TEGが考える理想的なCXMの使われ方:全社による顧客体験向上
CXMにAIが実装されることは、当社ツールでもロードマップに入っており、早晩大きくの企業が使われるかと思います。TEGが考えるCXMは、全社員で現在の顧客体験がリアルタイムに見れて、どうすれば喜んでいただけるかを考えるようになることが、最もパワフルな使われ方だと考えます。それはAIでは出来ず、常時仕事を通してお客様に喜んでいただこうと思っているスタッフからクリエイトされると思います。
まとめ
これまでのCSとCRMは、顧客満足や関係性の管理に重きを置いてきましたが、現代の顧客が求めるのは、企業との関わりにおいて全体を通じた「体験の価値」です。

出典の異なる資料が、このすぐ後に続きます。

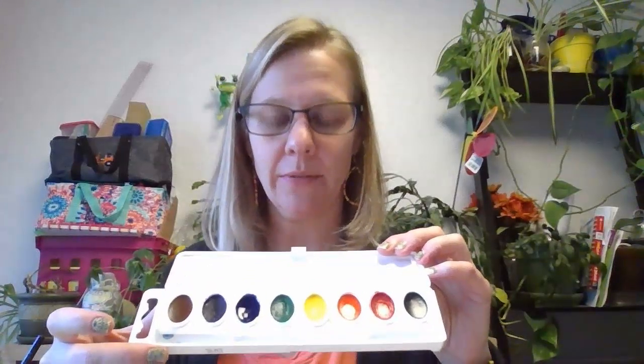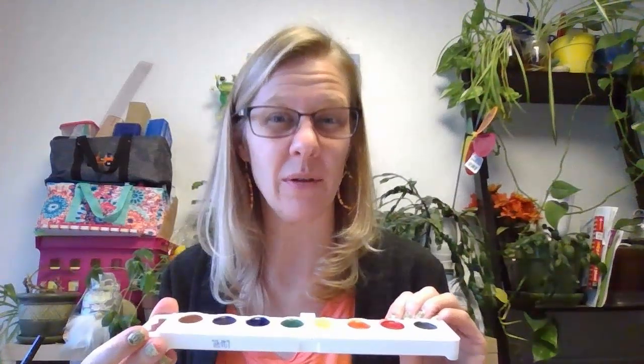Last thing: your watercolor palette. You can see mine is still wet from painting. You need to leave this open so that it can dry. If you close it up, there's a chance you will end up with moldy paint. So leave it open for the next few hours — three or four hours — put it in a safe spot and let it dry.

そのため、今後はCXMの導入が企業にとって重要な要素となっていくでしょう。CXMは、顧客とのあらゆる接点を一貫性ある体験として管理し、データとAIを活用することで、顧客一人ひとりに合わせたパーソナライズされた対応が可能です。
CXMを実現することで、企業は単に顧客に対して価値ある体験を提供するだけでなく、長期的な信頼関係を築き、顧客ロイヤルティを向上させることができます。これからの企業に求められるのは、CXとEXの両軸で顧客と従業員が共に良い体験を享受できる環境の整備です。CXMはその中心に位置する戦略であり、企業の成長を支える重要な基盤となるでしょう。